A week ago, in the post London, i wrote that i will be going to the Scritti Politti gig on February 5 next week Friday. I have a ticked, i booked the bus and a place to spend the night, only a block away from the Roundhouse.
I did write about a dream i have in The world and the people.
I gave these drawings away, twice. First time i gave them to Iris, who was my friend when i made these. She is actually on the first drawing. The girl dancing with the yellow hat. After a time she gave these drawings back to me. Maybe because, if i remember correctly, i was looking at the drawings a lot when i was at her home.
The second time i gave them to Femke. She gave them back too. I don’t remember what she said. But i have the feeling she felt it was too much.
After that i kept these drawings. I actually almost forgot about them. Until the sledgehammer moment. I got them out of the cupboard. I made a photo of the seventh card, which has only text on it, which is the last part of the song A little knowledge by Scritti Politti.
I always felt that i shouldn’t keep these drawings. I was actually thinking of giving them to Green in 2006. I talked about this idea with friends, who advised against it. I do think they were right, then.

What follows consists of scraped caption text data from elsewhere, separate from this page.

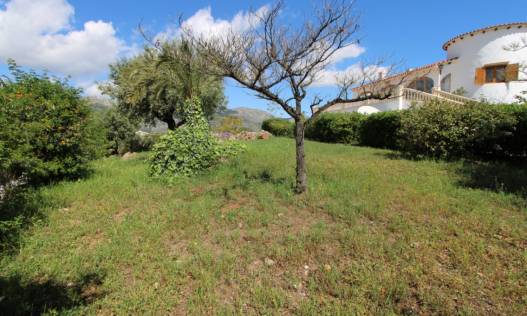Bestaand - Villa - Orba Valley - Orba Vallei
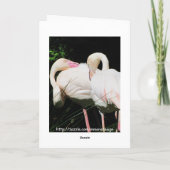 フラミンゴの鳥の挨拶状ありがとう サンキューカード (裏面)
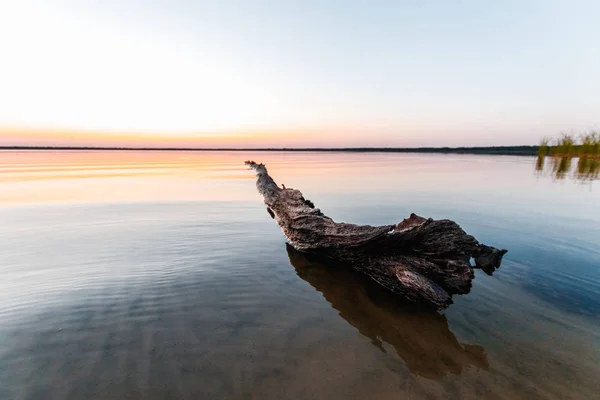 Belo Pôr Sol Rosa Com Tronco Texturizado Água Primeiro Plano — Fotografia de Stock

Now, I actually would like to give these drawings to Green.
No strings attached. Well, apart from my crazy dreams, but hey!
This could go many ways. First, of course, is that nothing will happen. Which seems most likely to be honest. But i hope not. And there are of course a million other ways this could go. Yes, i have thought about this too! For many many years. And its scary. Yes. But i do feel i gotta do this. To sort of liberate myself? Maybe? And i know i could let it go. Which is what i said two days ago. No i won’t write. No no nononono. I have my pride. I’m not gonna do this.
But every dream i have comes to this point. And i can’t get around it. I always get stuck. I change things, twist them, but it always happens. And i don’t know why.
I’ll miss my drawings. But i do think they will go to a good home.
I will take the drawings with me. I will try to talk to Green. I will try to give these drawings to him. I don’t know if he will accept them.
I could fail hopelessly.
I hope i will keep myself together. Sometimes i think that it is just a small thing. These are simply small drawings i made almost thirty years ago. But to me they are not small. They have been a part of my life for all those years. And their meaning has grown for me.
I did write to Rhodri, who is in the band, in November 2014. I did send links to the pictures with that e-mail. He would ask Green about it, but warned me that he was not very good in replying to e-mails. He never did.
This is difficult for me. I hope i can make this work, somehow. I know i have grown over the past year. That will help me.
I am scared, yes. I don’t see how i could not be. One part of me wishes this was over and done with. Another part wishes to run away and lead my own life. Another part wants to stay here at home forever. But even though this is scary, i know i will go to London and i will try to give these drawings to him. I can only hope he will accept them.